- [SUPPLIED RECORDS]
++++++++++++++++++++
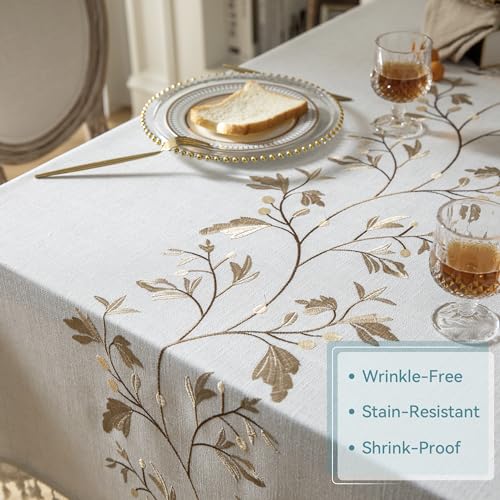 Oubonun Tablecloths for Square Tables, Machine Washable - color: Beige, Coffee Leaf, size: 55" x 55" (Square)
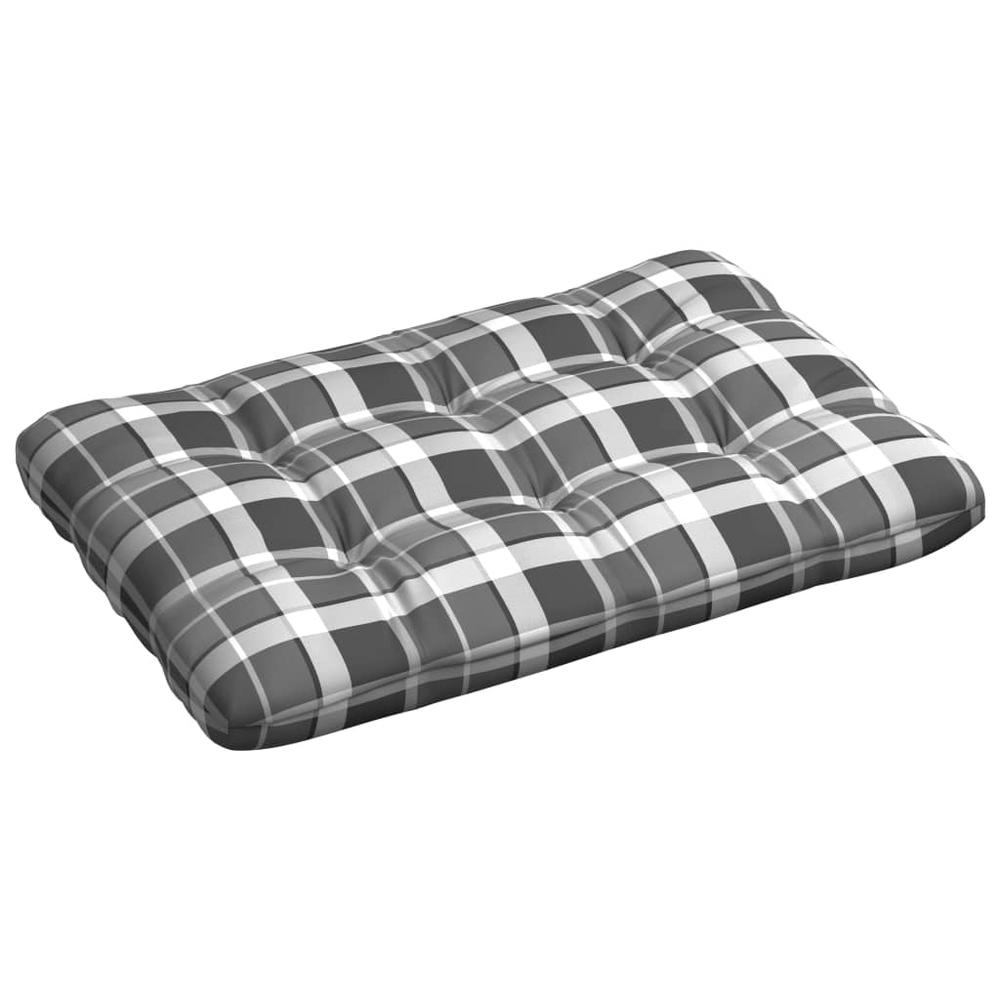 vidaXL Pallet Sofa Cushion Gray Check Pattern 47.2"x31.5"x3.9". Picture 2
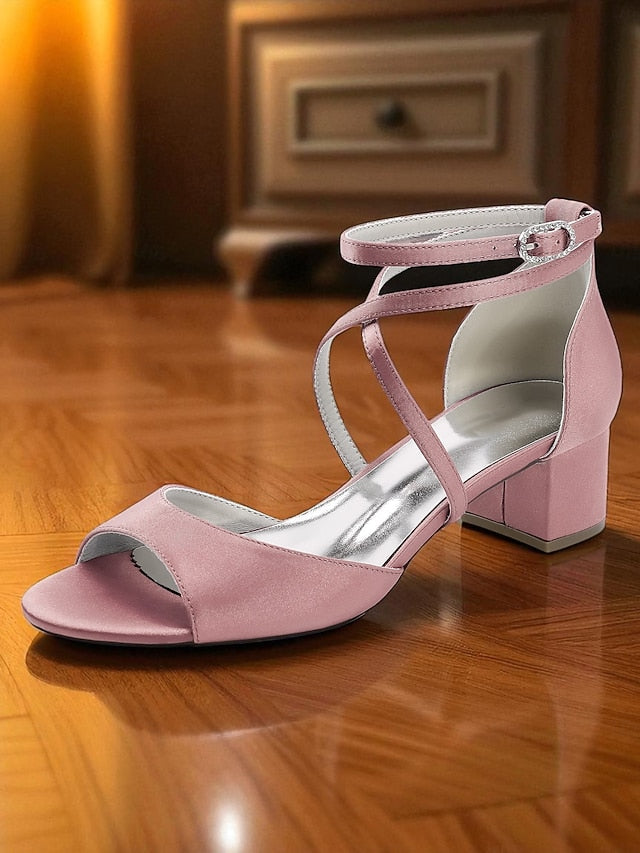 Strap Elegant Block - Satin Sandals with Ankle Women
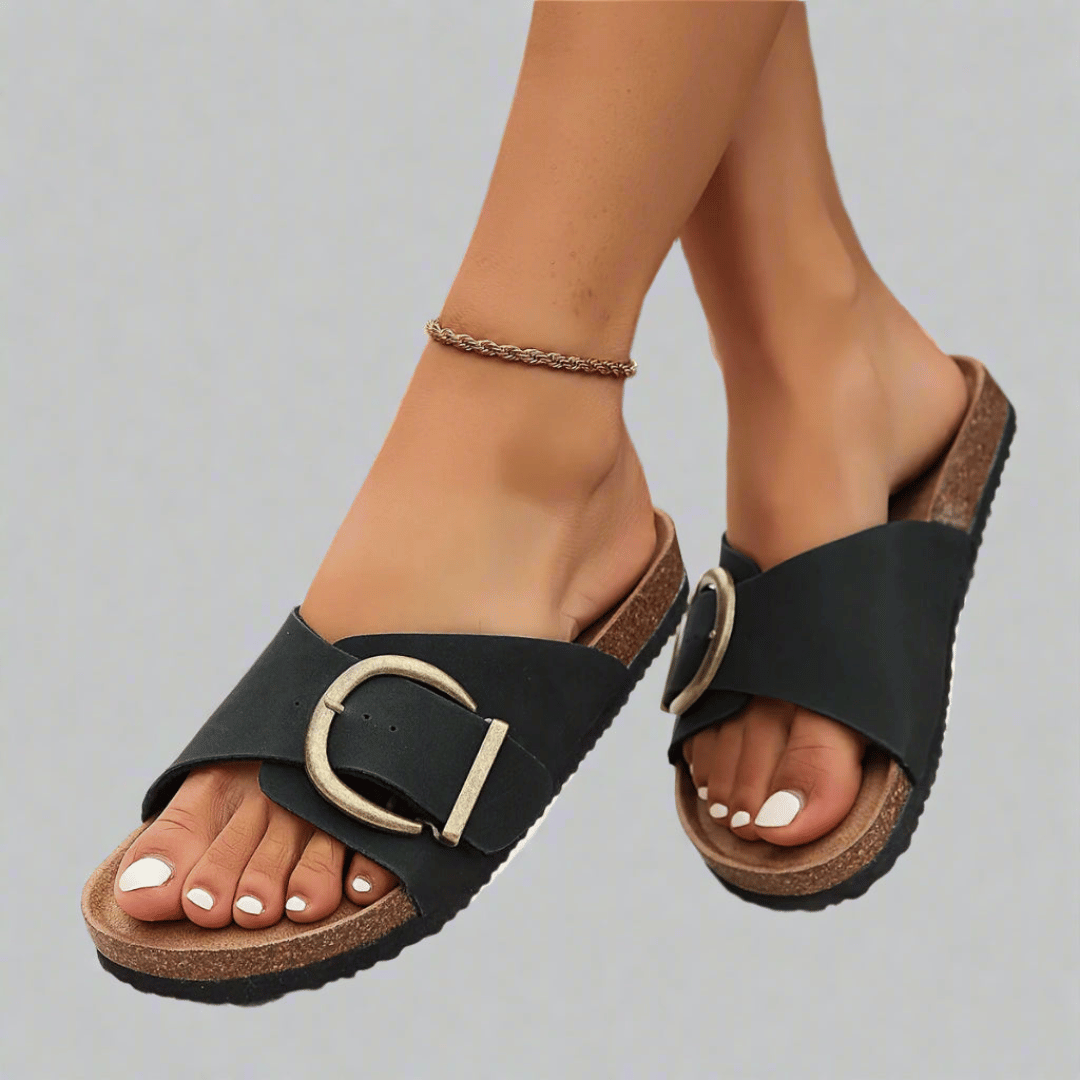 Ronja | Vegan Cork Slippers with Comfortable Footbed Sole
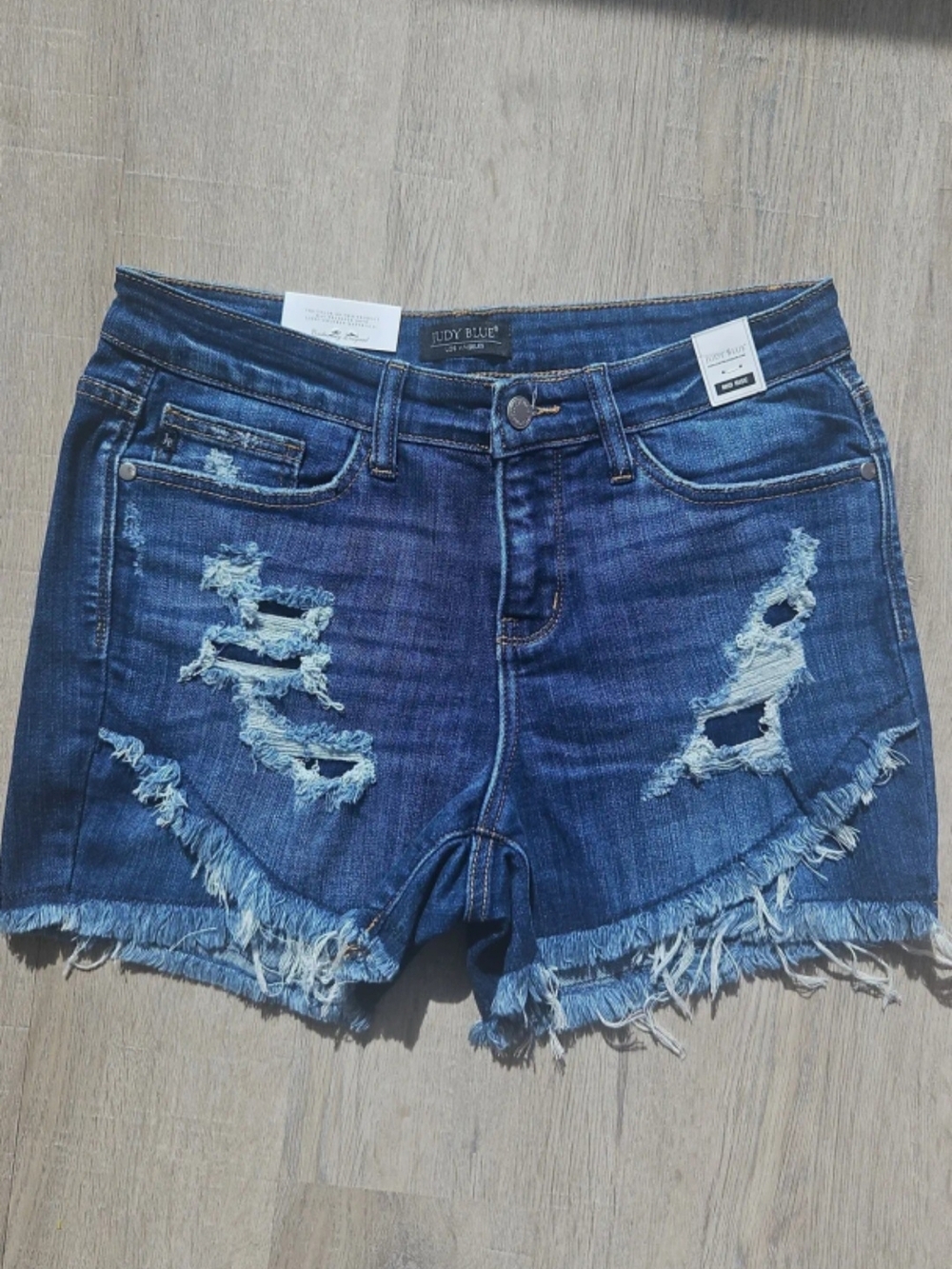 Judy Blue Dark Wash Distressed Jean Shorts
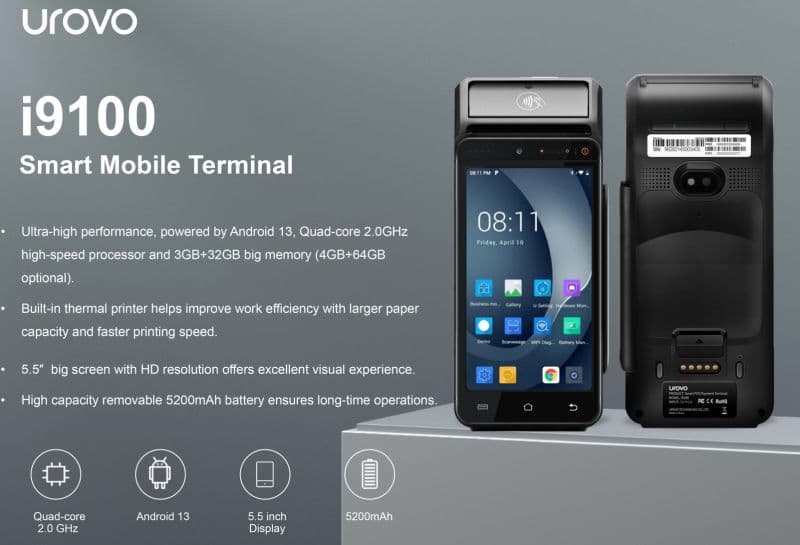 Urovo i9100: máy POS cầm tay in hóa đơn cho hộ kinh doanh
++++++++++++++++++++
- [WORK REQUIRED] Take the line that contains "Judy Blue Dark Wash Distressed Jean Shorts" and every line after it to the end of the records above; quote them exactly, leaving out the pictures.

- [RESULT OF THIS EXERCISE]
 Judy Blue Dark Wash Distressed Jean Shorts
 Urovo i9100: máy POS cầm tay in hóa đơn cho hộ kinh doanh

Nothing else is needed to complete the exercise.